Once, Heidi discovered a young girl crying in a hallway outside a classroom. The girl was alone and deeply jolted by something. Without hesitation, Heidi collapsed by her side and enveloped this girl in her arms. Then she held the girl, so her face rested against one shoulder. For the longest time, she paused there to weep and pray for the girl placed in her path that day. Other times, Heidi went on church mission trips specifically to engage and comfort the marginalized. She volunteered for the arduous jobs no one else would touch and almost compulsively mentored other girls who came into her relational atmosphere.
Valentine Erisman, one of Heidi’s close friends at Tech, said, “I came to college having completely lost my faith in anything. I just didn’t know what to believe anymore. Heidi just had this subtle way of helping me find it again. I owe this renewal to her.”
Countless scenes like that, as Heidi enacted compassion and guidance, must have cut-and-pasted a yearbook collage in David’s mind; perhaps even scenes of a life to come. For there was no doubt that this was the girl he wanted to dream and shape a life with.
But, despite how sure he was of a future with Heidi, David had to shelve it and first gain a critical offering: his father’s blessing. Without such, this girl must stay at arm’s length.
The Heart and The Blessing
No invested parent can predict with whom or when his or her child will fall in love. They might only hope to have a seat on the ride through the tunnel, so they can cheer them on or give warnings as they go along. At that point, if such a love is true or just a mirage, their son or daughter might be able to see the light with fewer regrets and more deeply-rooted wisdom. Of course, there is no way that a father or mother can keep their coming-of-age teenager from totally falling for someone, but they can, if composed enough, save that kid’s heart from carrying major baggage into an inevitable marriage.
Keith Metzler, David’s father, sat across a restaurant table from his son. It was the boy’s 16th birthday, and his father had something important to unfold; a pivotal intersection in their journey as father and son. By the conclusion, both would ask something substantial of the other. And, of course, much of the dialogue would include David’s flourishing attention to Heidi. So, for layered reasons, the talk could not have come any sooner.
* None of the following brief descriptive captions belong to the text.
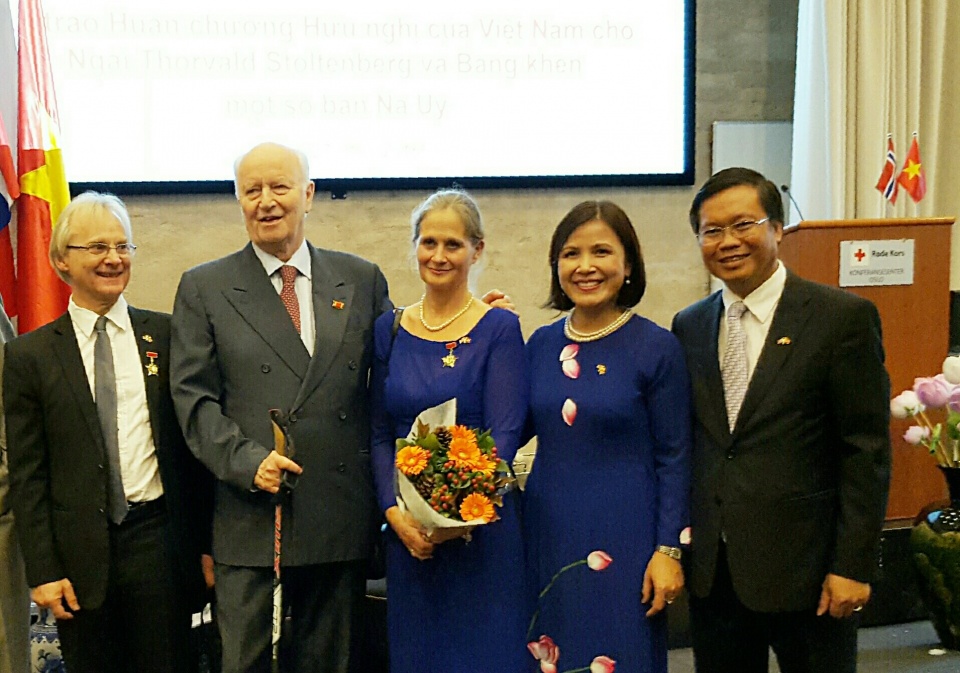 viet nam tang huan chuong huu nghi cho cuu ngoai truong na uy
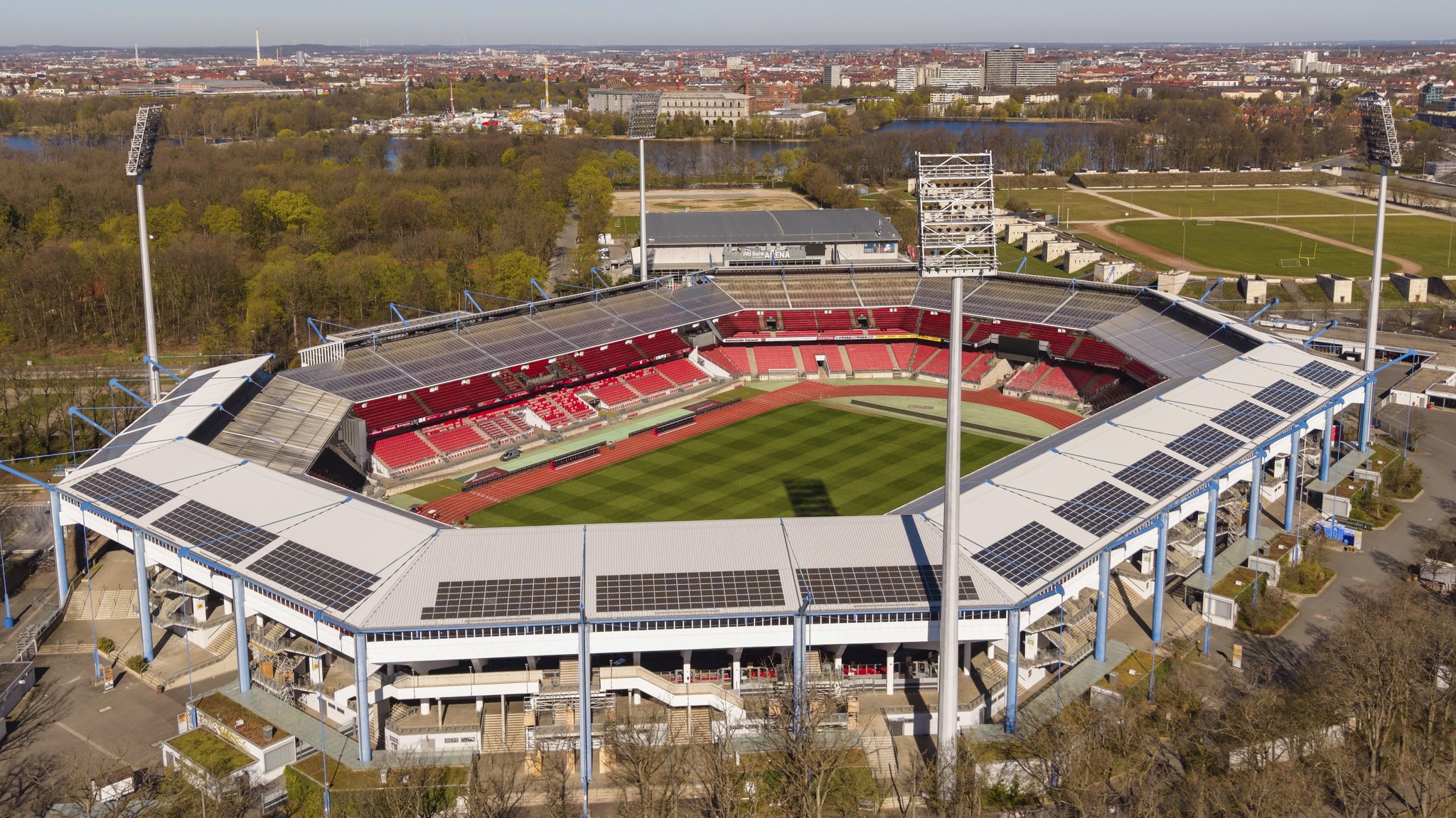 Das Max-Morlock-Stadion in Nürnberg von oben.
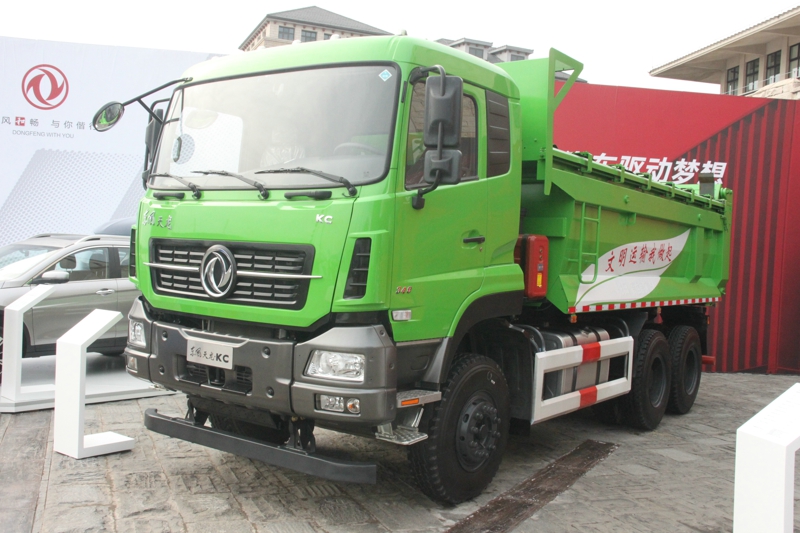 2018年2月3日－4日，2017-18沃尔沃环球帆船赛在中国广州上演了激烈的争夺战。此次在广州的比拼，是沃尔沃帆船赛首次造访中国内地一线城市，也是中国除香港外，第二个被纳入沃尔沃帆船赛的停靠站。图为东风天龙·KC渣土车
The Metzler parents wanted to inspire each of their four children, when they turned 16, to aim for sexual abstinence until they married. As if that were not culturally out-there enough, they also fitted the entire talk around a ceremonial dinner that ended in a promise. To them, this right-of-passage was not about an anatomy review or to lay out some more do’s-and-don’ts, nor was it just boiled down to a virginity covenant. Instead, in their eyes, it was the most overriding gift to help their children learn how to actualize love with someone for life.
If strangers had been within earshot of David and his father that night, this is an expression of what they might have heard:
“I appreciate what you’re saying, Dad,” David said eagerly, but not out of sort. “And I plan to stay pure until marriage.”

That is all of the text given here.